BEGIN AVAILABLE DATA

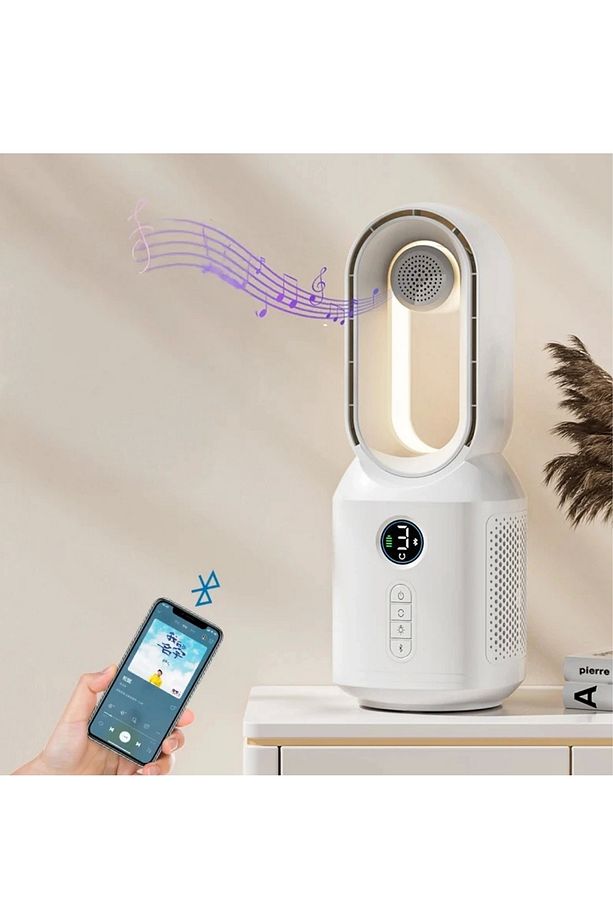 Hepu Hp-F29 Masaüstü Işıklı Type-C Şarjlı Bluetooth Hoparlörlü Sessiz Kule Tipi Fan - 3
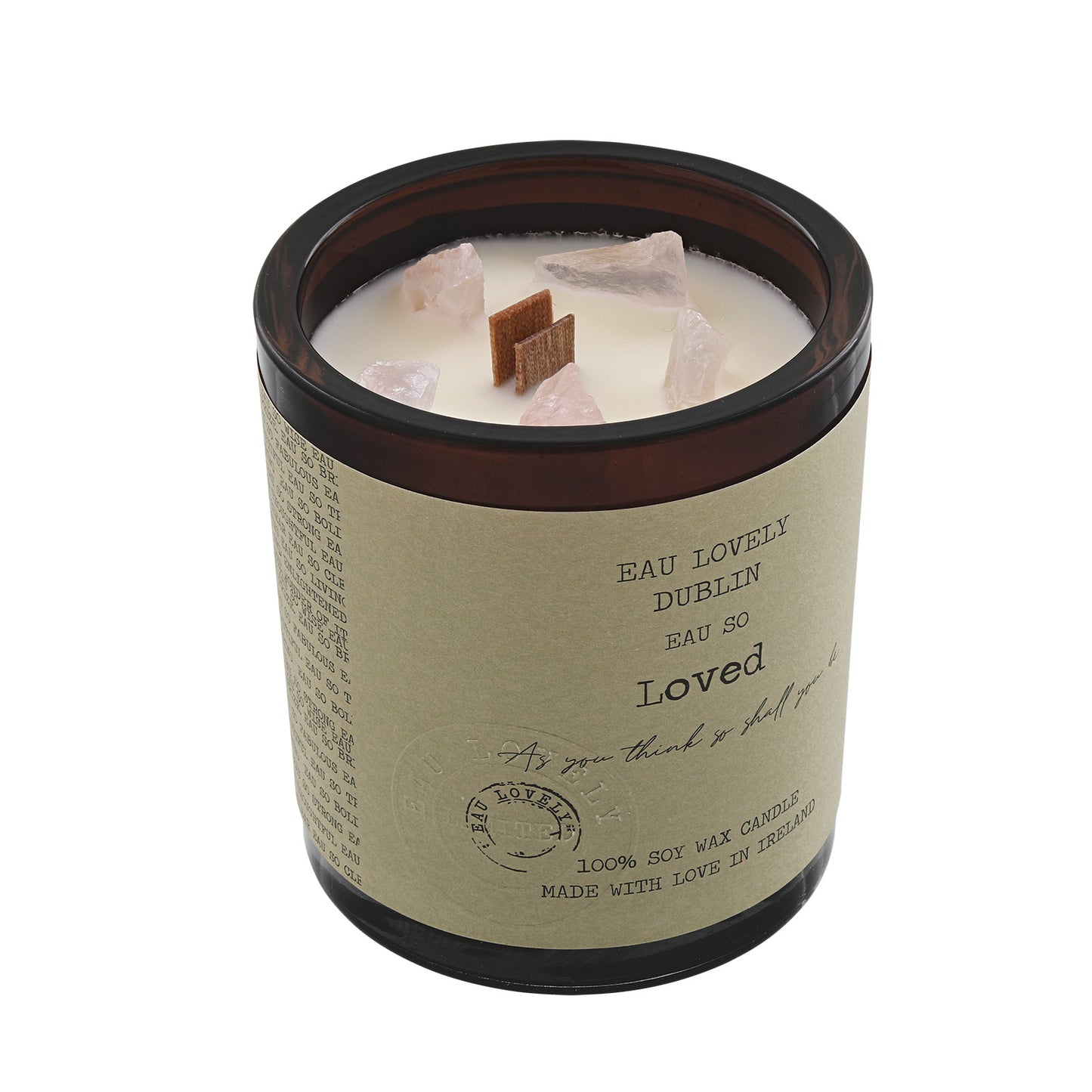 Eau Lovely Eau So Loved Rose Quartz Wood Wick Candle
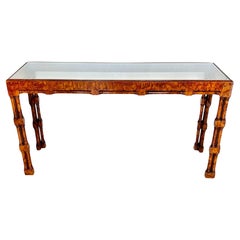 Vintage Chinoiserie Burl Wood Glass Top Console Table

END AVAILABLE DATA
BEGIN AVAILABLE DATA

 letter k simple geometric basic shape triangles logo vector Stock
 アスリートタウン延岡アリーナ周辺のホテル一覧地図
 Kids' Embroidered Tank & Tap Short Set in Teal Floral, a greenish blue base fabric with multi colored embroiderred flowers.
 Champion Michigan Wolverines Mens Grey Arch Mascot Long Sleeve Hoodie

END AVAILABLE DATA
BEGIN AVAILABLE DATA

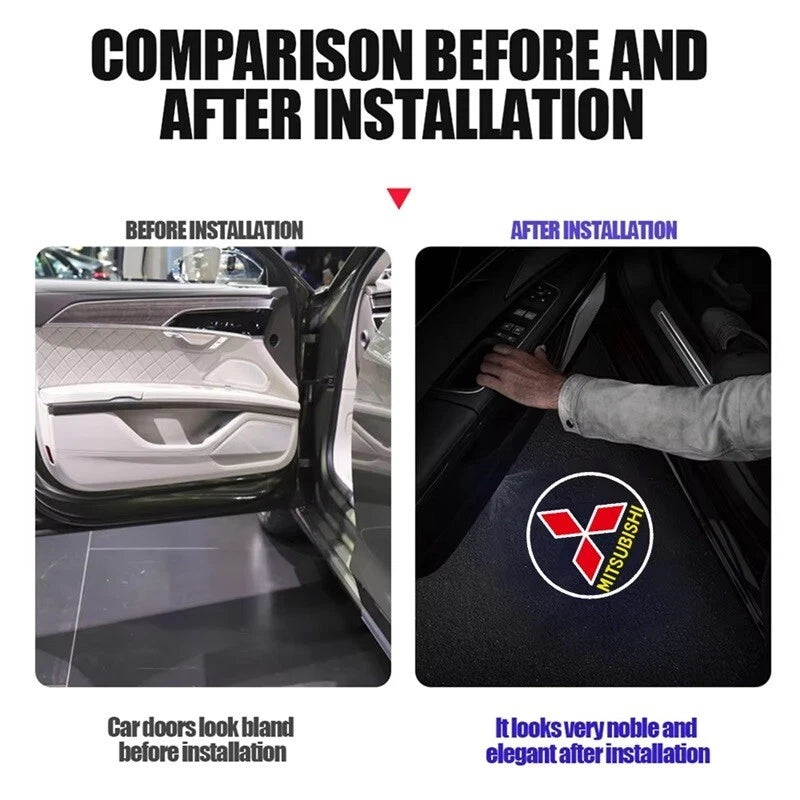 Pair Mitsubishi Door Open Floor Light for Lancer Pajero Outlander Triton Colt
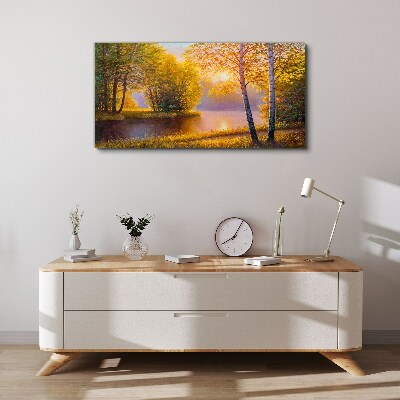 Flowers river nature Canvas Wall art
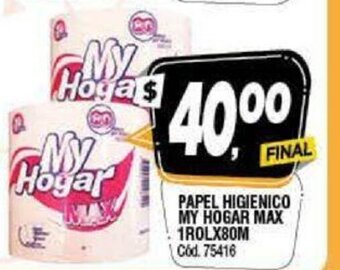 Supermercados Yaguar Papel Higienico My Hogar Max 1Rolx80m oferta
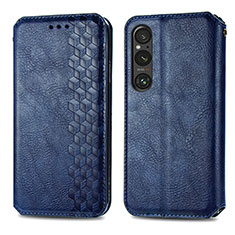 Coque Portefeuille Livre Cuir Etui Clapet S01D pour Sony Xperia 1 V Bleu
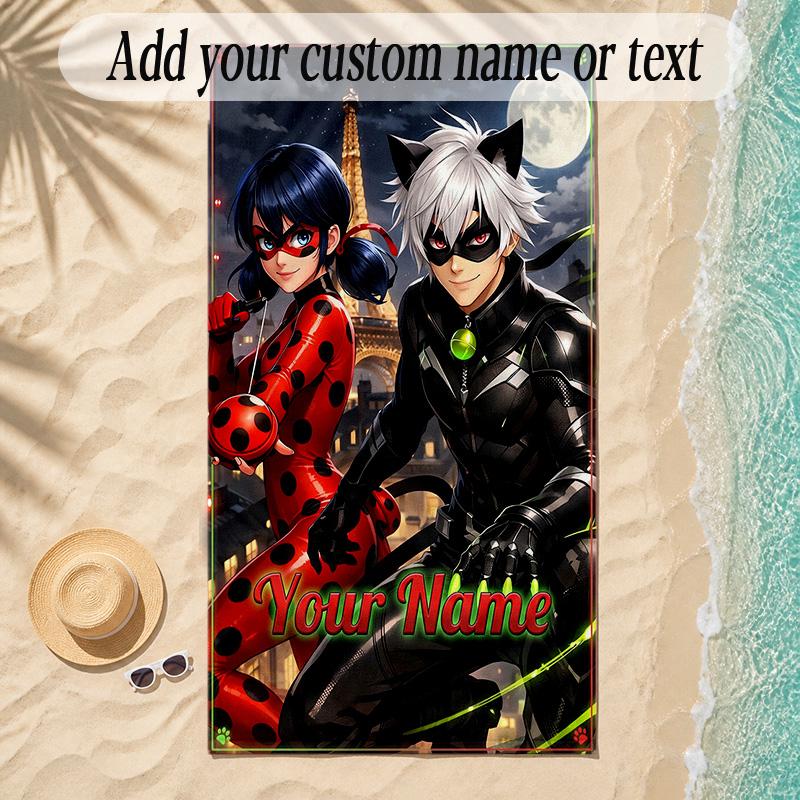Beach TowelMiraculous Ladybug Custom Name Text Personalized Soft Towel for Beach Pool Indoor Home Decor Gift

END AVAILABLE DATA

*EXERCISE DIRECTIONS*
When you reach the line containing "Kids' Embroidered Tank" in the data above, start copying exactly, and stop after the line containing "Champion Michigan Wolverines".

*RESPONSE TO THIS EXERCISE*
 Kids' Embroidered Tank & Tap Short Set in Teal Floral, a greenish blue base fabric with multi colored embroiderred flowers.
 Champion Michigan Wolverines Mens Grey Arch Mascot Long Sleeve Hoodie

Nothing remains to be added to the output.